Dr. Tepper, thank you so much for joining us today.
Dr. Stewart Tepper: Well, thank you for asking me to talk about something I think is very important for patients.
Molly: We’re so excited to have you. And you’re a headache specialist, so you have a lot of experience and a lot of knowledge in neuromodulation as well as other headache treatment options. But today we’re going to focus specifically on the newest and latest information on neuromodulation. It seems like we keep getting new updates on different devices and different ways that these devices can be used for patients. So it seems that it is possible for patients to find relief in noninvasive ways. Can you tell us how this is possible?
Dr. Tepper: These neuromodulation devices are what are referred to as noninvasive. They don’t have to be implanted. They’re portable, and patients use them in various ways with various programs. They don’t have significant side effects. The FDA calls them nonsignificant risk devices, and they change the way the brain processes pain by various mechanisms from various approaches.

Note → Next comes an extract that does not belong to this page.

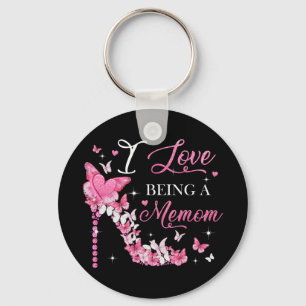 Love Being A Memom High Heel Butterfly Mother's Da Keychain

And one of the advantages of them — besides the fact they don’t have side effects — is that when medications have failed, it’s often because, for whatever reason, we picked the wrong target. A particular medicine targets a particular chemical within the brain, and the advantage of going into the brain and slowly changing the nerves in the brain is that you are affecting targets that we know about, but also targets that we don’t know about yet. And so many patients who have had a lack of success with medicines — the medicines have failed one after another — will find that neuromodulation can be helpful.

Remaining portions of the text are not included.